I wish I had some words of wisdom for you, really I do. I wish I had those words for myself as well. But all I can say is that I sincerely hope things improve and continue in that direction for all of us here. I already said "goodbye" to the house and most of what I had, thankfully the house was just a rental. However, I have no idea when I'll have a date for the divorce, neither of us can afford to get it started right now. Been job hunting as well, if I don't have any luck where I am then I have to think of relocating back to Orlando (Mom and brother are there).

Thoughts of only the best for you Sparkles!


----------



## dojo (Jul 4, 2011)

The only good thing I can say is that you'll pass through this and feel better, once you healed. Think about this as a NEW START in life. Not many people can "reset" their start and have new perspectives. While you didn't really ask for this to happen, just think that you're leaving all the bad and hurt behind and that you are now free to start a new better life.


----------



## Jellybeans (Mar 8, 2011)

Sparkle, start sending out your resume.

Try to keep upbeat and positive. This was just one chapter of your life. Life does go on and you will prevail. 

My father told me something before my divorce...cause I kept telling him I was dreading The Day because my marriage would be over. He told me, "Jelly--it's already over. Now it's just a formality (signing the decree)."

He was so right. It had been over long before!


----------



## Sparkles422 (Jun 3, 2011)

Thank you all for your encouragement. Really not a good day today or yesterday or the day before.

Home: how do I find your discussion?

Thanks.


----------



## d1221 (Mar 13, 2011)

I have been reading the post here and I think in about 2weeks my divorce will be final. I keep wondering how I will feel if I am going to break down and cry.

Jellybeans:I have thought like your Dad told you.."its already over" its just legal now. 

Its just happened really fast which is ok no need to linger in something that was not going to be. When we signed the divorce papers I went home and cried. When our anniversary came it did not phase me at all (whew I thought). Final papers I am not sure. I have been on my own without him since March so I know I can make it and I have been making it.

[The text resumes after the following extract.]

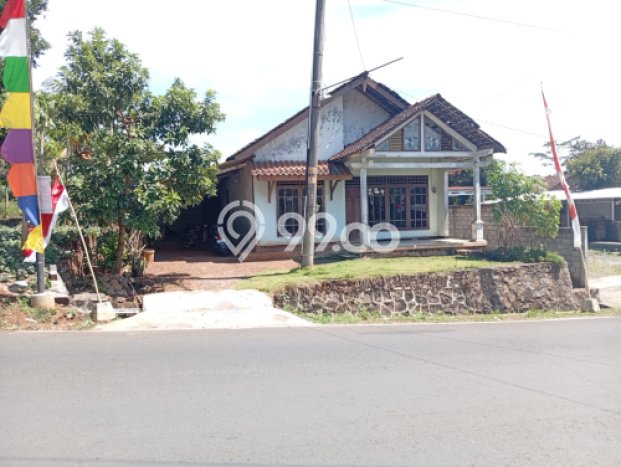 Hunian Cantik Modern Lb 200m2 di Ungaran Timur, Semarang Hunian Cantik Modern Lb 200m2 di Ungaran Timur, Semarang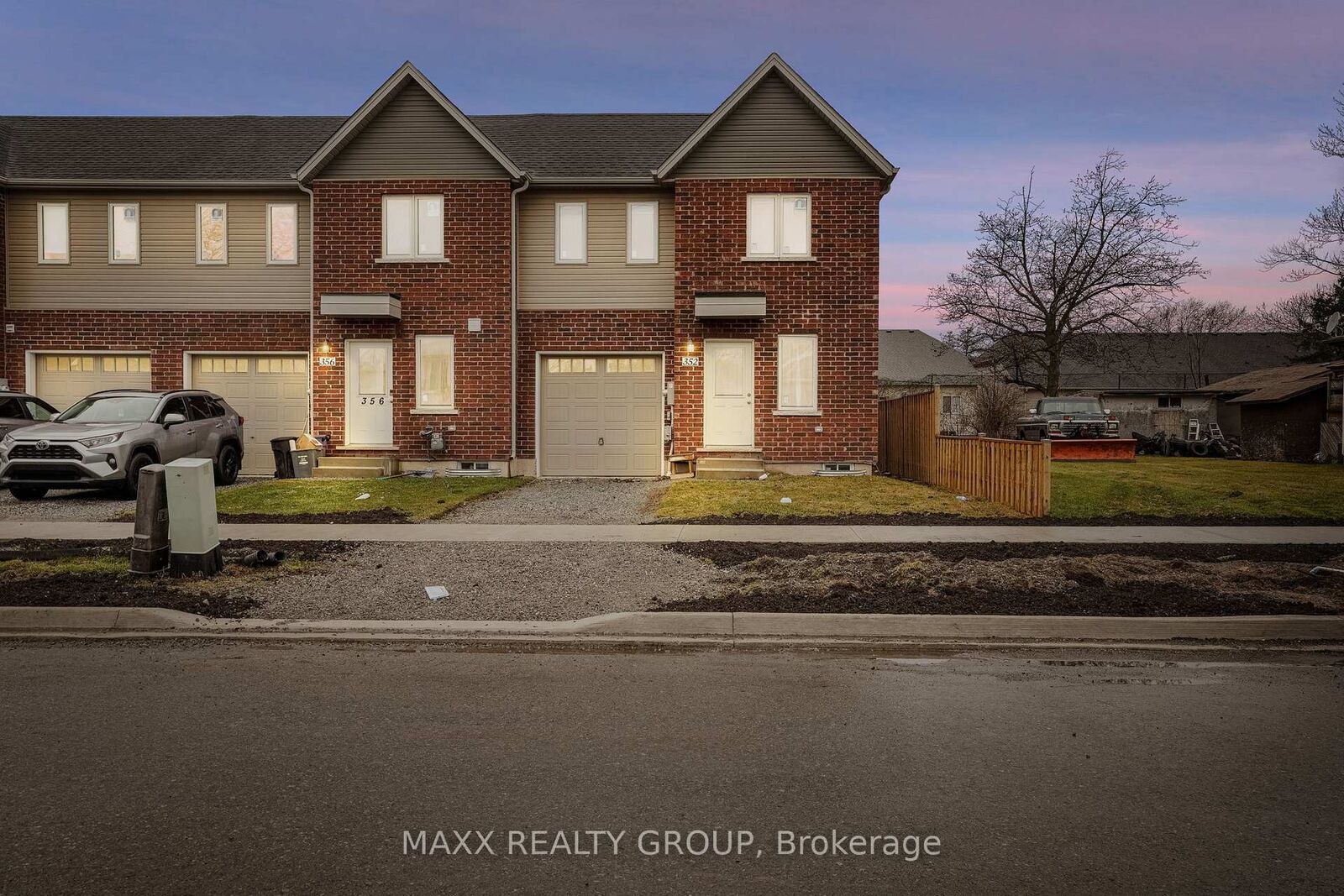 Property Photo:  352 Alberta Street  ON L3B 0K5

I guess when this becomes final and I change my name...others will know I will be exposed in that way about my personal life. I know they will not ask details but ahhhh...it is what it is.


----------



## hesnothappy (Mar 5, 2011)

Same here, we are in the process of filling out the paper for the dissolution of the marriage now. I had been feeling great about the new beginnings, but today I got a lot sad. I am still looking for some answers that don't exist. This will never make sense to me, but it is real. My life is better without him, I just have to accept that, realize I didn't make a mistake...I made a choice, and it wasn't meant to be for eternity. Cried a little today too. I gues that is backsliding on my future. I pray for all of us to get through to the other side where happiness resides very quickly.


----------



## d1221 (Mar 13, 2011)

Hesnothappy

You are so right. I know I will not get answers or resolve but have to keep the past there. Some people are like wow you have so many options in front of you to do whatever you want with your life. I understand what they are saying right now its kind of like a blank canvas. I am not sure what type of masterpiece will prevail. Usually I always have a plan of something I am doing career wise or educationally. I just finished school ...career...not sure yet with all of this I am trying to let this pass tie up loose ends and gain some ground/closure before I add too much on my plate at once right now.

I realize sometimes crying is sporatic not like it was but still there and in time that will become less and less. 

Like you I think the hardest thing is when you did not make a mistake we were put in a situation to make a choice (living out bad decisions and actions our Hs made). Its unfortunate it was not for eternity because that is what we signed up for our husbands didn't seem to get the same memo ...LOL...


----------



## hesnothappy (Mar 5, 2011)

Exactly. I know the crying isn't even as severe, but it comes quickly and resolves just as quickly.


----------



## Sparkles422 (Jun 3, 2011)

My divorce is over,3 days ago. And I didn't break down.

It was over in March, this was the legal closure.

I am getting my sense of humor back, I am getting me back. I had disappeared for a long time and didn't even know it.

Sometimes what seems like a huge, painful sacrifice can turn out to have been the right choice for growth and better, wonderful things up the road. I firmly believe that. Yes, we will still feel the pain and disappointment and perhaps the betrayal (that's natural) but it doesn't have to hold us back in taking the next step.

Here is for the next step in my life. May it be filled with the wonders of God and excitement of the unknown. (Not fear)


----------



## hesnothappy (Mar 5, 2011)

Wishing you the best, you deserve it. Life is no joke! But we will laugh again and loudly ;o)


----------



## Shelly29 (Oct 9, 2010)

Its a hard pill to swallow but you should smile.... you have a whole new life and super fab one ahead of you...one where you can be you, live for you and enjoy every second of it! Its time to live your life!


----------